Dzięki pracy kryminalnych z kędzierzyńsko-kozielskiego komisariatu trzech mieszkańców województwa śląskiego nie uniknie odpowiedzialności za włamanie do turbiny wiatrakowej i kradzież kabli.
Poszkodowany wycenił straty na blisko 32 000 złotych. Mężczyźni usłyszeli zarzut. Dwóm z nich grozi do 10 lat pozbawienia wolności. Trzeci podejrzany musi się liczyć z wyższą karą, ponieważ będzie odpowiadał w warunkach recydywy.
Policjanci z Komisariatu Policji w Kędzierzynie-Koźlu zostali poinformowani o kradzieży kabli z turbiny wiatrakowej. Do tego zdarzenia doszło w połowie września. Pokrzywdzony wycenił straty na blisko 32 000 złotych. Wyjaśnieniem tej sprawy i ustaleniem osób odpowiedzialnych za ten czyn zajęli się kryminalni z komisariatu.
Funkcjonariusze zbierali i łączyli ze sobą wszelkie informacje oraz ślady, które mogły doprowadzić ich na trop przestępców. Praca kryminalnych przyniosła efekty. Policjanci ustalili, że związek z tym zdarzeniem miało trzech mieszkańców województwa śląskiego. Mężczyźni w wieku 28 i 34-lat zostali zatrzymani. Trzeci podejrzany kilka dni po kradzieży trafił do zakładu karnego, gdzie odbywa karę pozbawienia wolności.

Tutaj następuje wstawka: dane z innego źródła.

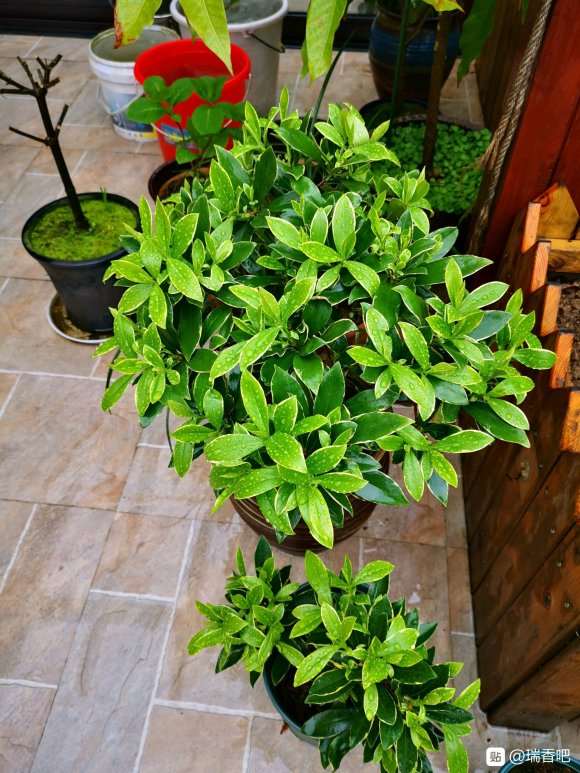 瑞香下山桩花后需要修剪吗 图片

Zebrany przez śledczych materiał dowodowy pozwolił na przedstawienie mężczyznom zarzutu kradzieży z włamaniem. Za ten czyn grozi 28 i 34-latkowi grozi kara do 10 lat pozbawienia wolności. Natomiast 27-latek musi się liczyć z wyższą karą, ponieważ będzie odpowiadał przed sądem w warunkach recydywy.